Соседями Берлянчика по коммуне была супружеская чета. Ольга Альгердовна угощала его кофе с печеньем, а Эрнест Панкратович, судовой механик на пенсии, донимал Берлянчика беседами на исторические темы. Тем не менее, это были живые души под рукой, приглушавшие тревогу.
Поскольку на работе Берлянчику было опасно появляться, делами «Виртуозов Хаджибея» занялся Довидер. Берлянчик передал ему ключи от сейфа, информацию о самых безотлагательных делах, список магазинных кредиторов и деньги на покрытие долгов.

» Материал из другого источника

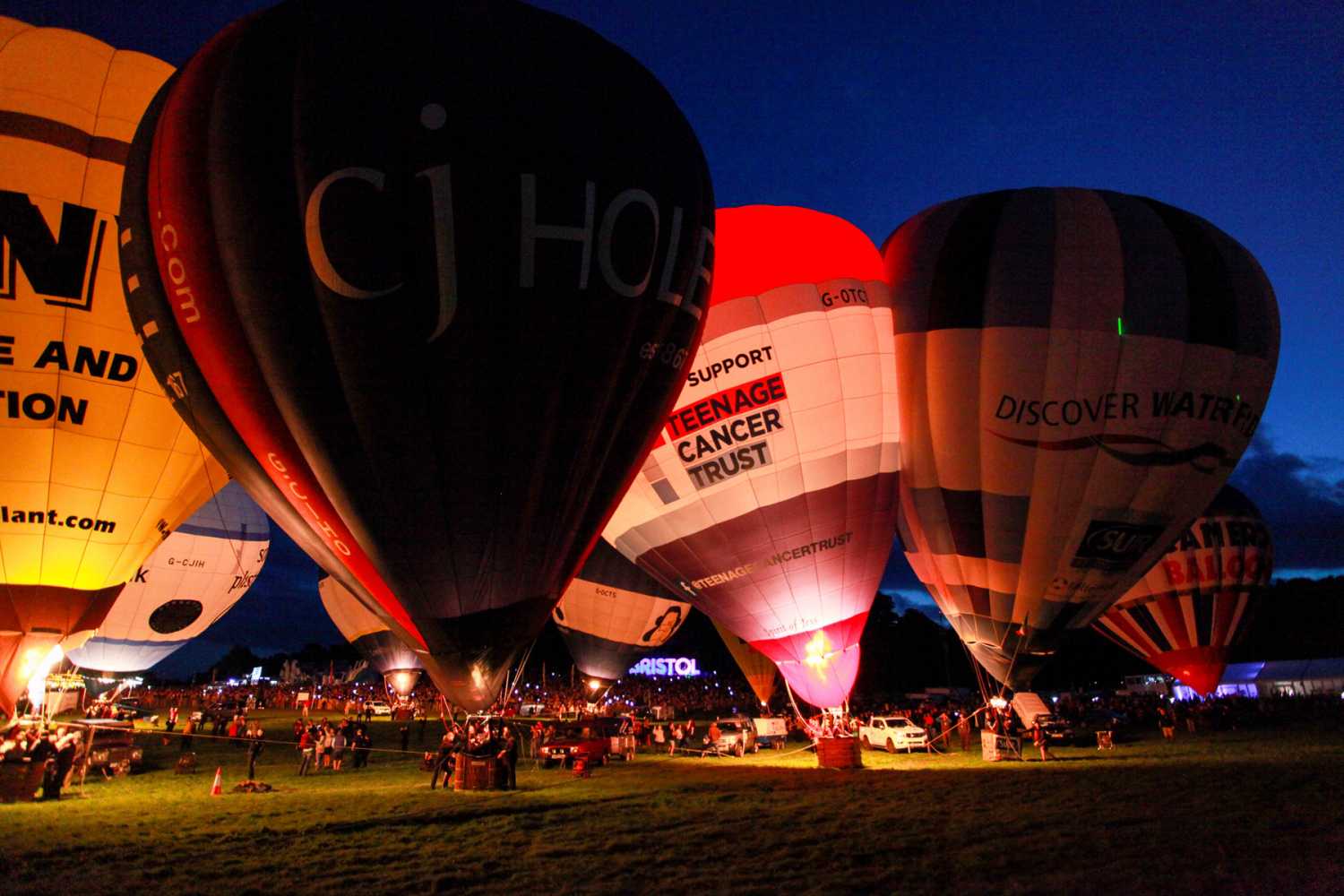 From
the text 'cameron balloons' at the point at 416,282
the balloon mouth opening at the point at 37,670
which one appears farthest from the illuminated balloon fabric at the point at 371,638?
the text 'cameron balloons' at the point at 416,282

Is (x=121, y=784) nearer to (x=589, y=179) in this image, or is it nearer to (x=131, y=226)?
(x=131, y=226)

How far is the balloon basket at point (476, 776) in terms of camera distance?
990 cm

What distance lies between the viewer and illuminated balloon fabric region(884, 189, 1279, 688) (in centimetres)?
1251

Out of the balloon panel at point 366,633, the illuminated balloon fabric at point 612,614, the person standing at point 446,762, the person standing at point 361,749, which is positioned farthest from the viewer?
the balloon panel at point 366,633

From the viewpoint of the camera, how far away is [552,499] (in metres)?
7.01

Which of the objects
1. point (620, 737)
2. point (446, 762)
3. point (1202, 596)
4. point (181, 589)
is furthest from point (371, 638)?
point (1202, 596)

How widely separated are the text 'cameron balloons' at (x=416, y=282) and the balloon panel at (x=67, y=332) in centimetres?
225

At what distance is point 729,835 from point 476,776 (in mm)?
4463

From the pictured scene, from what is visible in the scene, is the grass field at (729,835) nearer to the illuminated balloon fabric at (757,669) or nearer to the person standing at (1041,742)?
the person standing at (1041,742)

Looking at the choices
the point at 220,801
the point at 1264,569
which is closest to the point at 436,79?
the point at 220,801

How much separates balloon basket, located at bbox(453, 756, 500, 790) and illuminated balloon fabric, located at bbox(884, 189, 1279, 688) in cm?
790

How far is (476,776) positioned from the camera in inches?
394

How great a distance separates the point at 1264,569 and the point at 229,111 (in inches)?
1097

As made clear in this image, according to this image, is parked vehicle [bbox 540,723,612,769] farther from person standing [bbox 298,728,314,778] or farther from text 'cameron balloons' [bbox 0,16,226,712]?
text 'cameron balloons' [bbox 0,16,226,712] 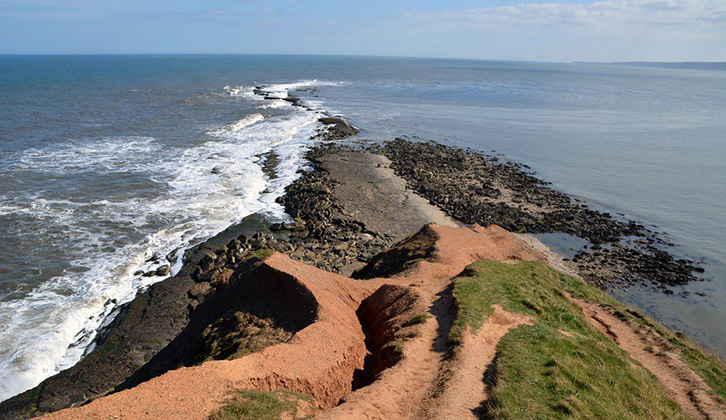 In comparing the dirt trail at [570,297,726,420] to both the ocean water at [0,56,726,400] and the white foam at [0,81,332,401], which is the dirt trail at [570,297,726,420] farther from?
the white foam at [0,81,332,401]

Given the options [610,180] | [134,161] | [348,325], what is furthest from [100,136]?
[610,180]

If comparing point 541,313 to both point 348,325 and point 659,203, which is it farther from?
point 659,203

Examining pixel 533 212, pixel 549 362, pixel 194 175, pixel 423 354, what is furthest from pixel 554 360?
pixel 194 175

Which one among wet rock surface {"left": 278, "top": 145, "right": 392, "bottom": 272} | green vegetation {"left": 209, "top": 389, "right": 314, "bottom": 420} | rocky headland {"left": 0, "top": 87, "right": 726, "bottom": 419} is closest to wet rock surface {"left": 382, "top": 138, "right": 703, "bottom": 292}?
rocky headland {"left": 0, "top": 87, "right": 726, "bottom": 419}

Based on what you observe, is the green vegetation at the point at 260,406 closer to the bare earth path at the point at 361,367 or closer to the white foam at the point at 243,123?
the bare earth path at the point at 361,367

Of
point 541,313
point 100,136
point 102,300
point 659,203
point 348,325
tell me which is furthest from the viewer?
point 100,136

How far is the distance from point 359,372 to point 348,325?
2074mm

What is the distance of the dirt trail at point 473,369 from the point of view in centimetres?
1200

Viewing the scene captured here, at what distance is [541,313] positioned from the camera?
18953 mm

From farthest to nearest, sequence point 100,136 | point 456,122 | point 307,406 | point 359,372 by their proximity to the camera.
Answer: point 456,122 < point 100,136 < point 359,372 < point 307,406

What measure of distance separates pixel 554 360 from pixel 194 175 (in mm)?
38381

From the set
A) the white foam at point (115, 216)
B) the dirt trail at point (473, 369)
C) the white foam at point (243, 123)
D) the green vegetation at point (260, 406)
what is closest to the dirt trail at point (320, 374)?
the green vegetation at point (260, 406)

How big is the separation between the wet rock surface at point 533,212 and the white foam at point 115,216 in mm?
14421

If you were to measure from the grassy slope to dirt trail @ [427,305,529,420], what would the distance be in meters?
0.31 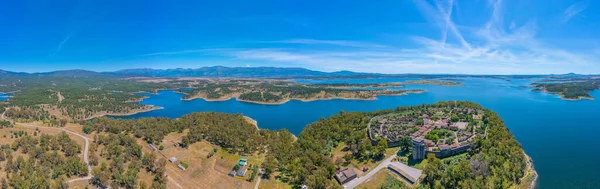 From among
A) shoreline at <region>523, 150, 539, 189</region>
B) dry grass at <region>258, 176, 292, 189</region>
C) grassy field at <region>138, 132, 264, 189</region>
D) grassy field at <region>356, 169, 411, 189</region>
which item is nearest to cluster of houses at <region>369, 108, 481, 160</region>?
grassy field at <region>356, 169, 411, 189</region>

Бывший «ломщик» любил движение денег из рук в руки, даже если это были чужие деньги, и с удовольствием принялся за дело.
Но вскоре он явился на Базарную в довольно унылом настроении.
— Послушай, Додик, — сказал он, лениво шевеля толстыми губами. — У меня твой список, в котором значатся сто двадцать кредиторов. Вот он! — Гаррик развернул его на свет. — Но уже явился двести пятый. Ты что дал объявление в газету, что раздаёшь деньги всем желающим?
— Нет, конечно.
— В чём же дело?
Берлянчик уловил немой упрёк.
— Я думаю, — сказал он, — в активной популяции. Ты же знаешь, что кредиторы имеют свойство быстро размножаться. Гаррик, я всегда считал так: бог даёт, бог забирает — лишь бы сальдо было в нашу пользу.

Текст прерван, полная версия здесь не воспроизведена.